El reencuentro con el paisaje conocido compensaba toda la murria de la larga ausencia. Cada loma, cada cabezo, cada valle, cada ladera, cada pago tenía un nombre. Todo estaba en su sitio: las ulagas y las tomazas en los ribazos, las desportilladas paredes de losas junto a las piezas, los espinos y bizcobos sobresaliendo aquí y allá en los bordes de los sembrados, la nube de mariposas y saltamontes, el monótono acompañamiento de las chicharras y los grillos, el tortoleo de las codornices en los trigales y en las esparcetas, el coreque lejano del perdigacho en celo o el aleteo estático del aguilucho acechando su presa. De vez en cuando tropezábamos con un vecino que paraba el burro o el macho para saludarte calurosamente como si fueras uno de la familia que volvía de la guerra o de América. ¡Cuánto se echa en falta en la ciudad aquella cercanía humana y aquella cordialidad! Por lo demás, nada cambiaba de un año para otro. Hace mil años cualquier viajero que subiera una tarde de comienzos de verano por este polvoriento camino de Sarnago se encontraría con el mismo paisaje y parecidas sensaciones que yo observaba volviendo de vacaciones, como si el reloj se hubiera detenido para siempre en estas Tierras Altas de la Alcarama. Sólo cambiaría la indumentaria: las abarcas, la faja y la boina del campesino, que era su uniforme en la posguerra.

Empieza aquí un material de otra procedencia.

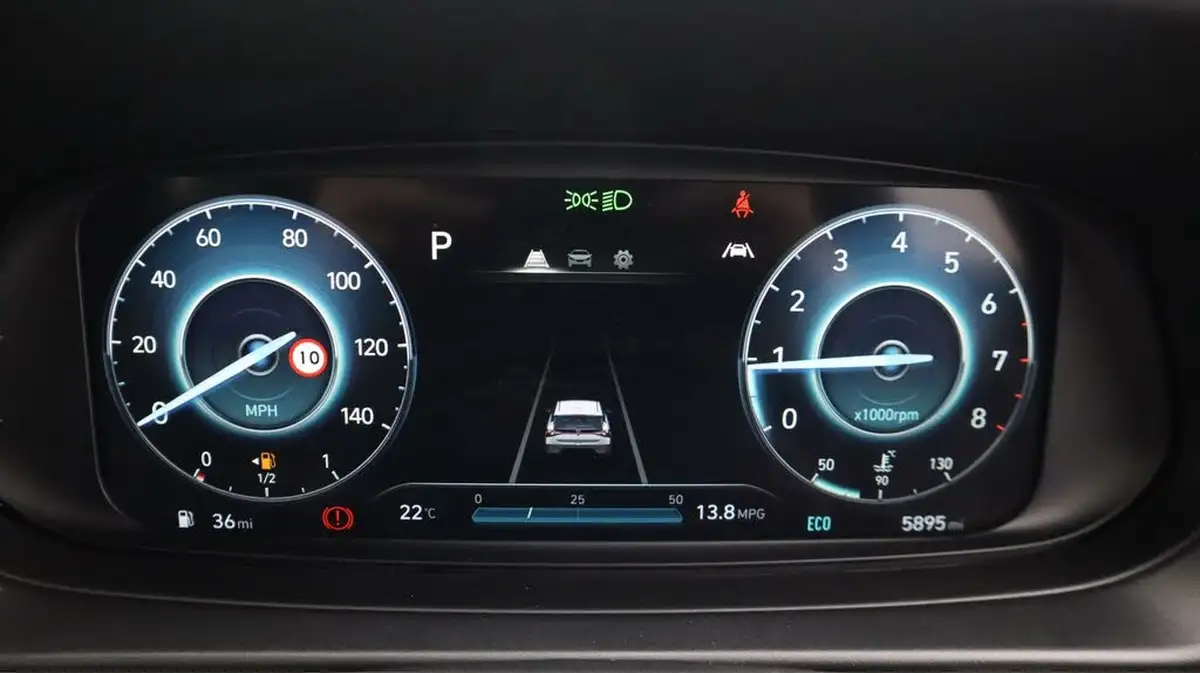 2022-hyundai-bayon-10-t-gdi-se-connect-dct-big-10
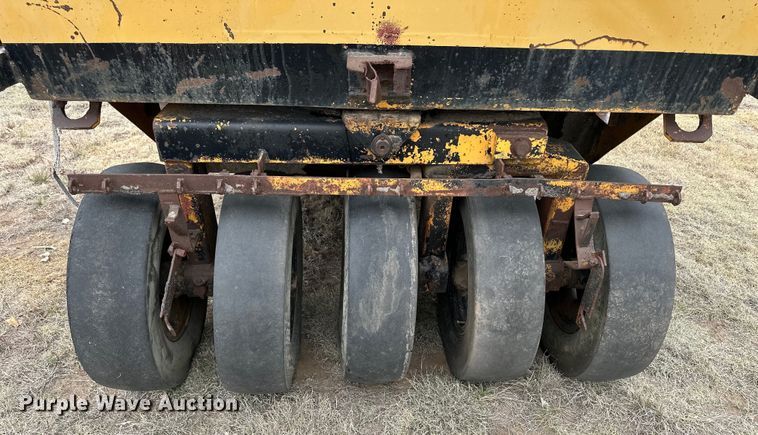 image for item OE9126 Bros SP-4000 pneumatic roller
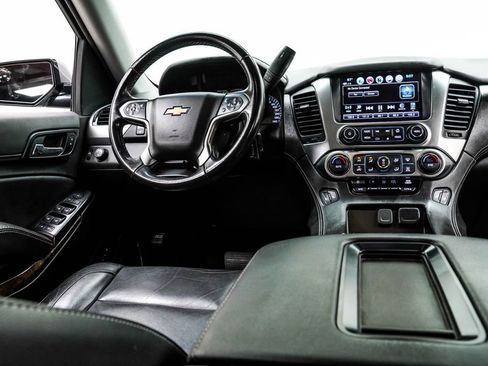 Used 2019 Chevrolet Suburban LT RWD image 24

La entrada en el pueblo por el barrio de abajo y la llegada a la casa significaba para mí la vuelta al paraíso. Me esperaban los abuelos y los tios, que olían a tabaco, a vino y a sudor. Era aquella una familia patriarcal, que es, como se sabe, una forma de vida perdida, ¡ay!, para siempre. Los perros me reconocían, después de la larga separación, y me recibían en la puerta saltando sobre mí. Todo estaba como lo había dejado: los caballos en la cuadra, las gallinas en el corral, los cochinos rezongando en las pocilgas y los innumerables gatos de la abuela, enseñoreados de la cocina, los pasillos y el somero. Esta comunidad de humanos y animales significaba, aunque no hubiera luz eléctrica ni agua corriente en la casa, todo lo que uno podía pedir entonces a la vida. Por supuesto, durante las vacaciones no podía dejar de echar una mano en las tareas del campo. La recogida de la cosecha exigía la colaboración de todos. Hasta la Iglesia dispensaba desde el 29 de junio, festividad de San Pedro, del descanso dominical, no fuera que viniera una mala nube. Los vecinos del pueblo nunca tuvieron vacaciones, que se sepa. Pasaron cien generaciones y muchos no salieron de aquellas cuatro montañas. Ni siquiera pisaron la capital. La mayoría se murió sin ver el mar. A mí me daba vergüenza que me confundieran con los escasos veraneantes que acudían de vez en cuando en verano; ellas bajaban en ayunas, con unas onzas de chocolote en el bolso, a la fuente de Empudia, junto al camino de San Pedro, a tomar el “agua podrida”, que, por lo visto, era buena para la piel. Las mujeres del pueblo llevaban la cara cubierta con un pañuelo para no tostarse la piel y yo recuerdo que iba a segar con un sombrero de paja. Así eran aquellas vacaciones.